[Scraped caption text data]
☆ ☆ ☆
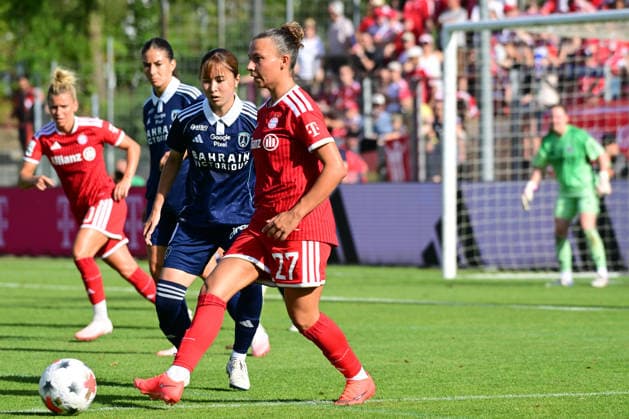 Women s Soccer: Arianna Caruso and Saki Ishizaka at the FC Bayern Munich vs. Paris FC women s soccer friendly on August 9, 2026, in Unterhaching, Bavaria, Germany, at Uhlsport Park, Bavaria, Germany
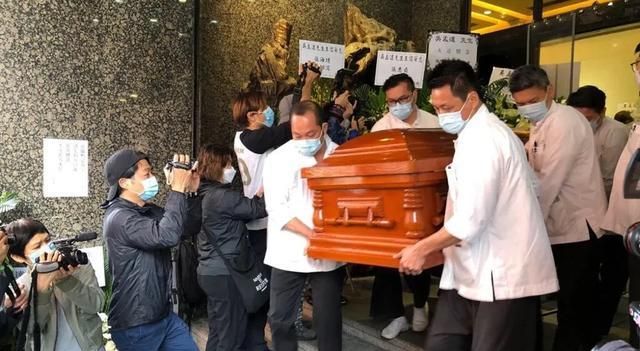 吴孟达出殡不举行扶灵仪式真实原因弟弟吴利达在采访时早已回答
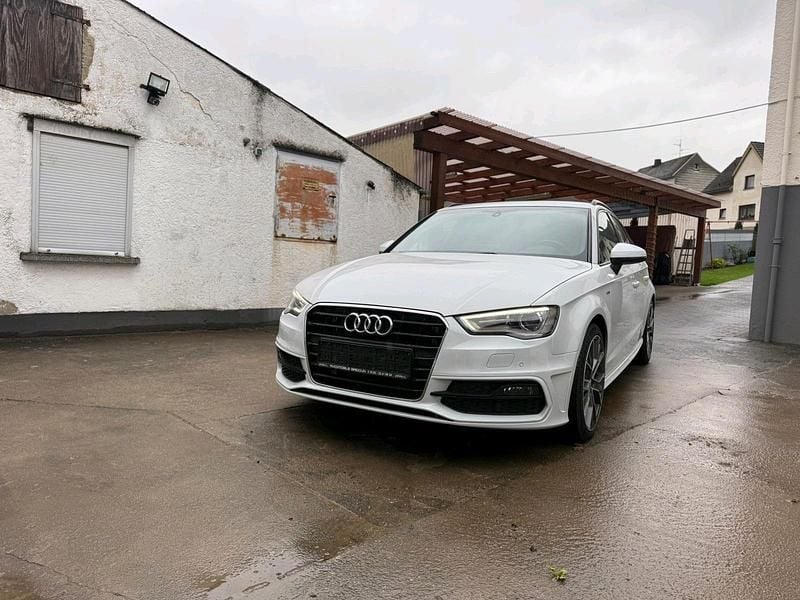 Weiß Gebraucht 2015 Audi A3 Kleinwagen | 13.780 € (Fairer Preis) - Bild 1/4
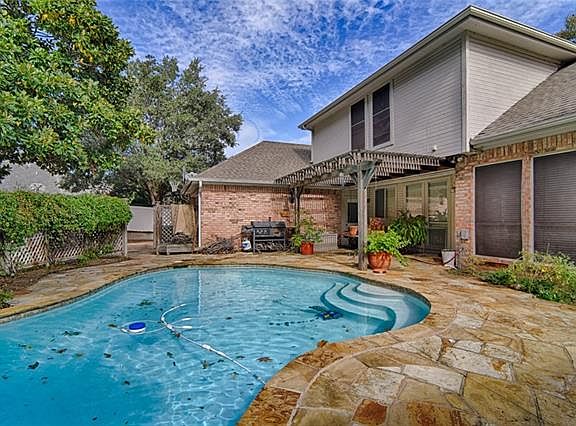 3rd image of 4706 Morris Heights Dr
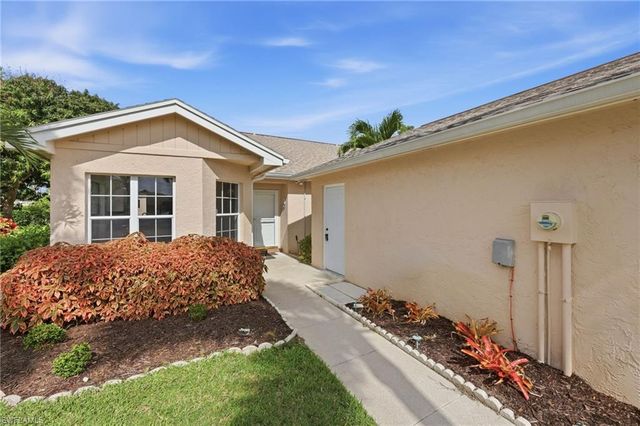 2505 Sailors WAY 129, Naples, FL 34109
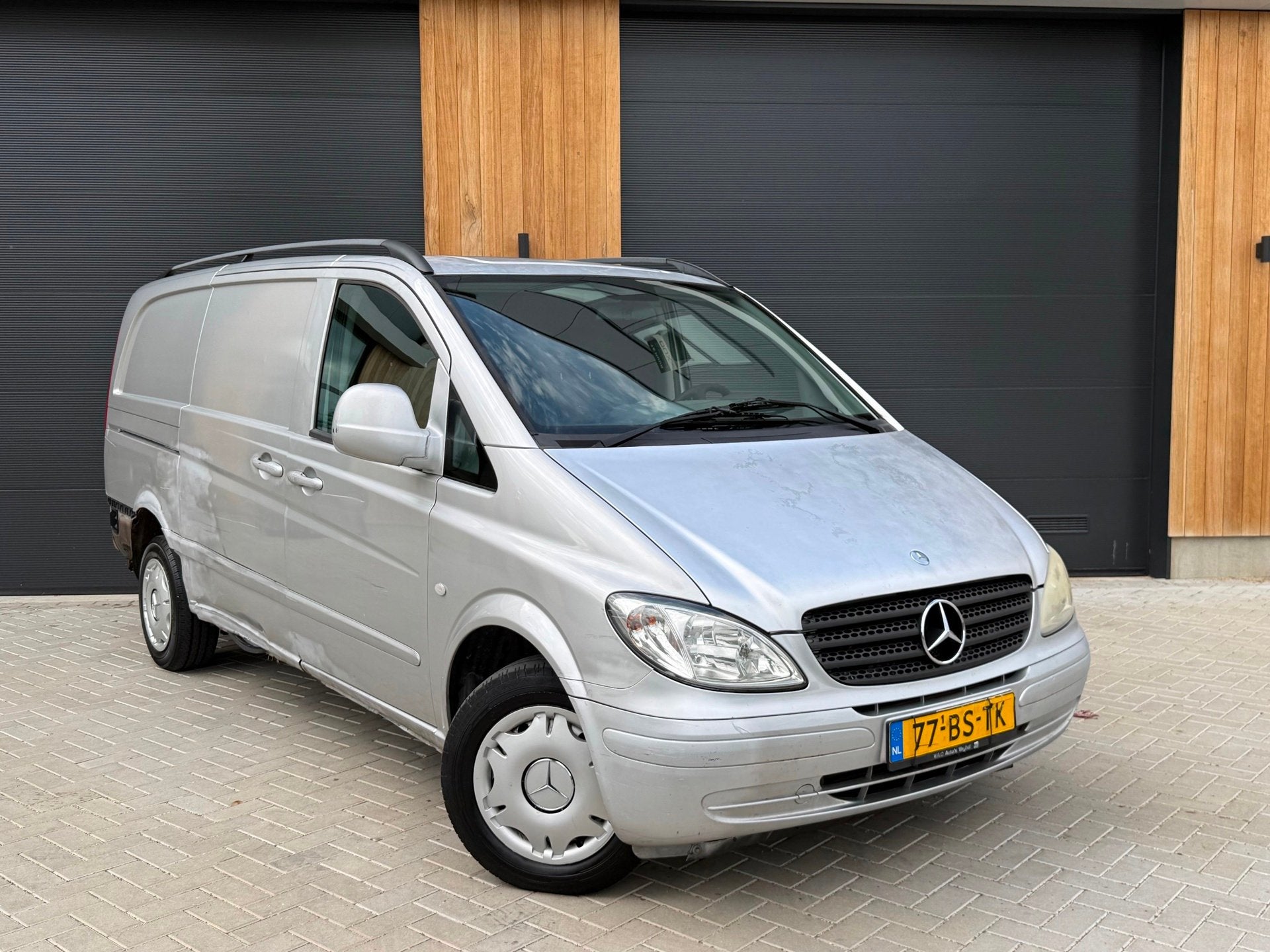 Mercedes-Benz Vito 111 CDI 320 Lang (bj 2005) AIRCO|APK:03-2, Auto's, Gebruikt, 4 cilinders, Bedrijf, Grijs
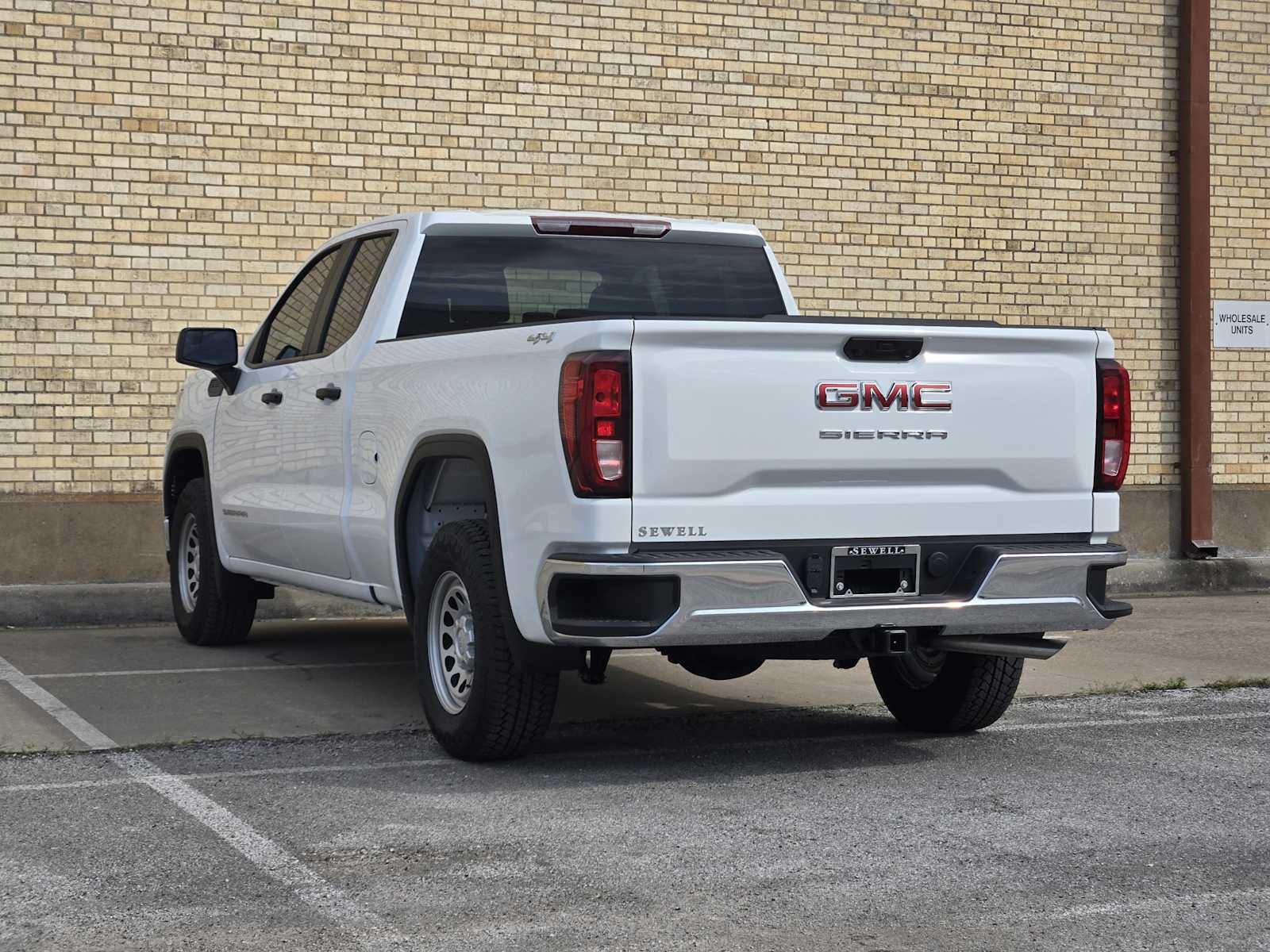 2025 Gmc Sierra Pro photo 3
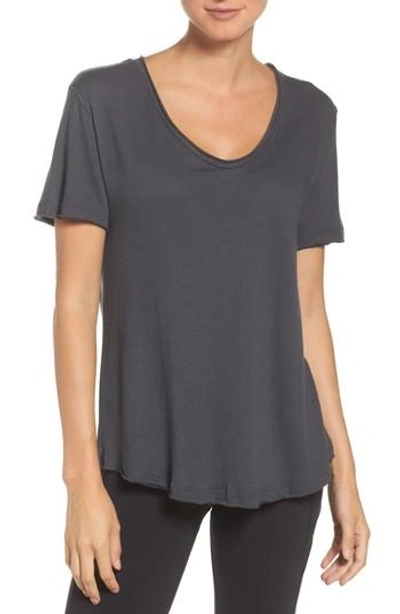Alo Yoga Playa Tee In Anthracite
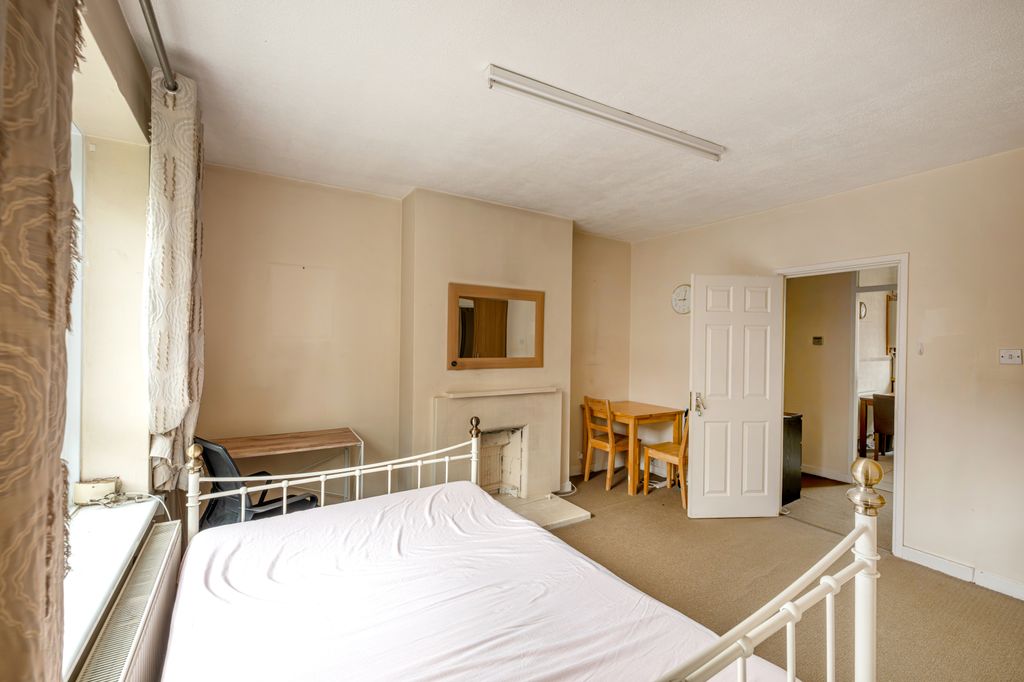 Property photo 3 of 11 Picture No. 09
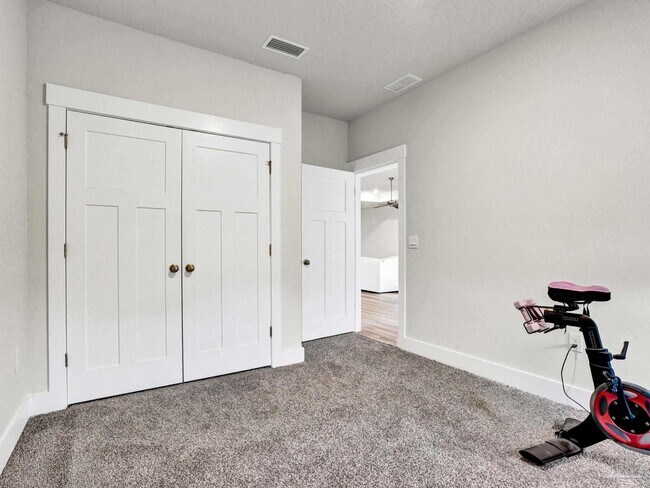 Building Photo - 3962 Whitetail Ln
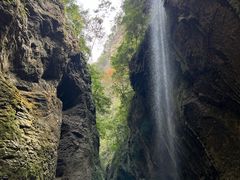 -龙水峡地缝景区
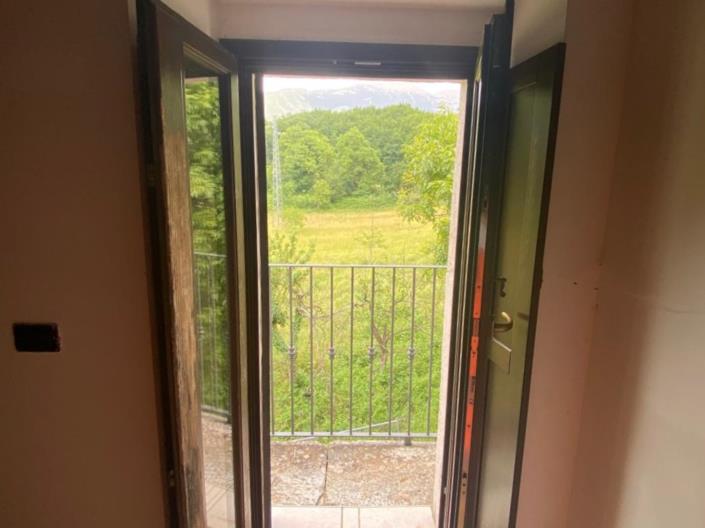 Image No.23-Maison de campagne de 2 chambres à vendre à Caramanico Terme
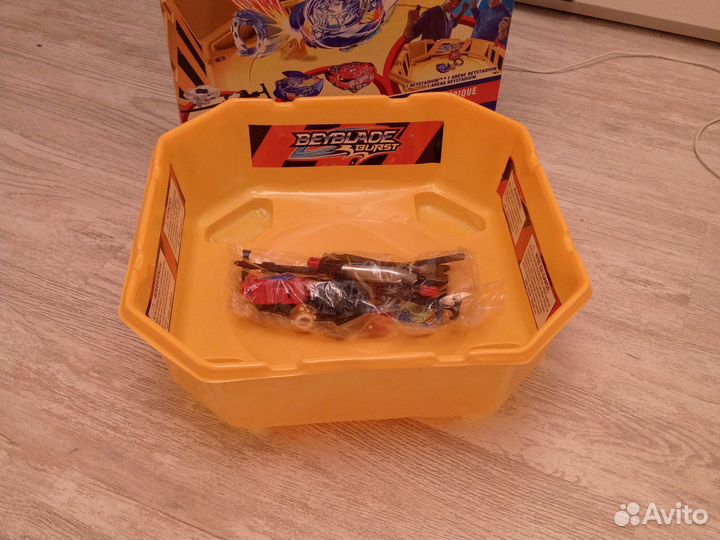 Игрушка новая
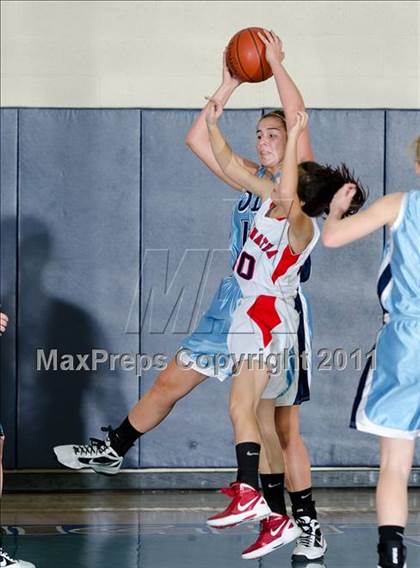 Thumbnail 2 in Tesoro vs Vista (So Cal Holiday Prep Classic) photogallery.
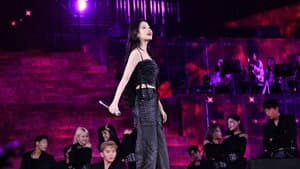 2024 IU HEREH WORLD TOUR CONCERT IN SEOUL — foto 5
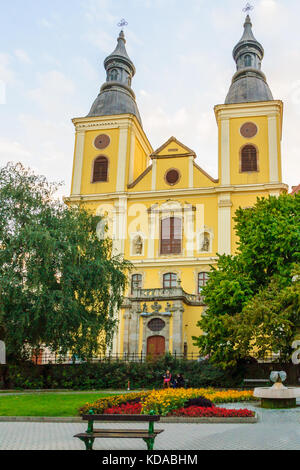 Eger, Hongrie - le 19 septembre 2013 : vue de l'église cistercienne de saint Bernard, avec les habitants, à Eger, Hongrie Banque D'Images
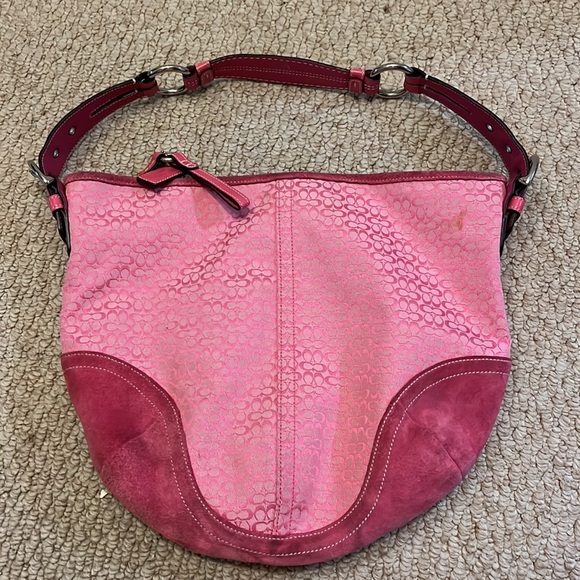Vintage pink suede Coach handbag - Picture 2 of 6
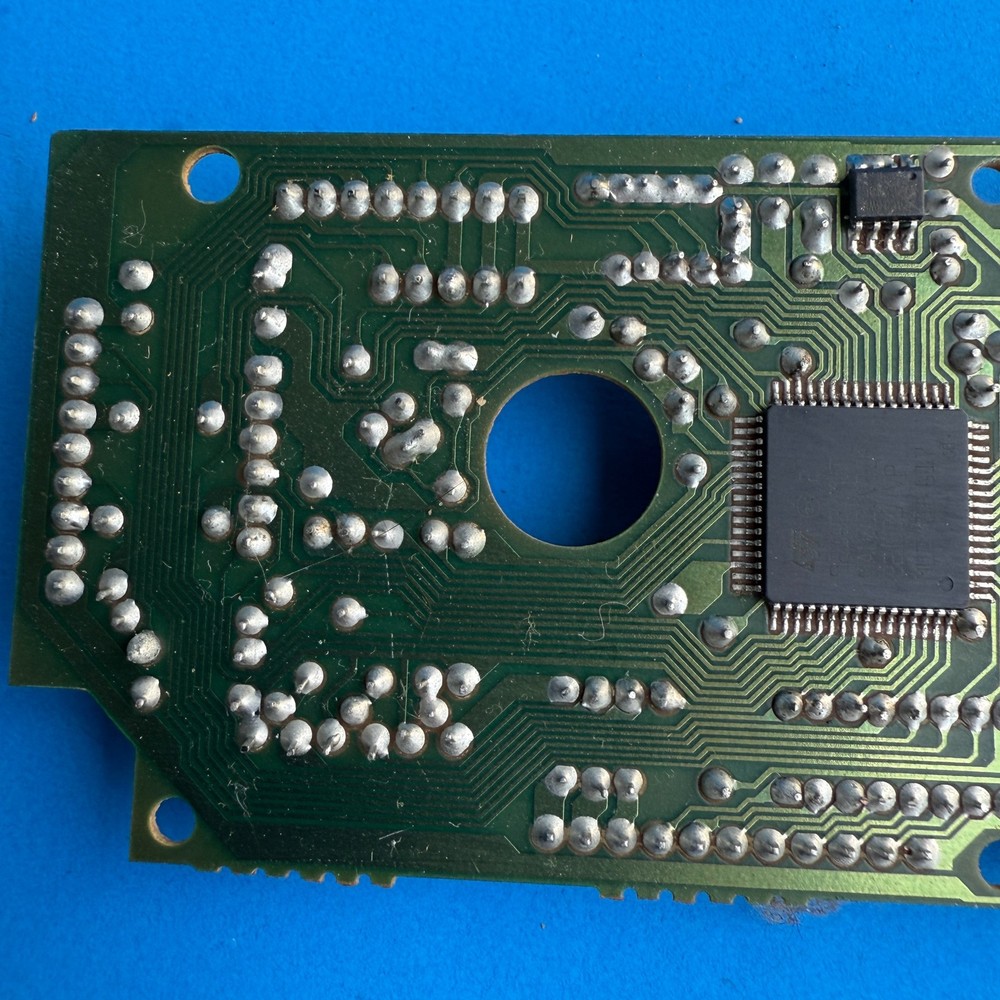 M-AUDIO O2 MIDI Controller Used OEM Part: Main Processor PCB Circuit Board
☆ ☆ ☆
▶ [Action item]:
Which lines run from the one containing "Image No.23-Maison de" to the end of the entries above? Write them out exactly, leaving out every picture.

▶ [Written reply]:
 Image No.23-Maison de campagne de 2 chambres à vendre à Caramanico Terme
 Игрушка новая
 Thumbnail 2 in Tesoro vs Vista (So Cal Holiday Prep Classic) photogallery.
 2024 IU HEREH WORLD TOUR CONCERT IN SEOUL — foto 5
 Eger, Hongrie - le 19 septembre 2013 : vue de l'église cistercienne de saint Bernard, avec les habitants, à Eger, Hongrie Banque D'Images
Vintage pink suede Coach handbag - Picture 2 of 6
 M-AUDIO O2 MIDI Controller Used OEM Part: Main Processor PCB Circuit Board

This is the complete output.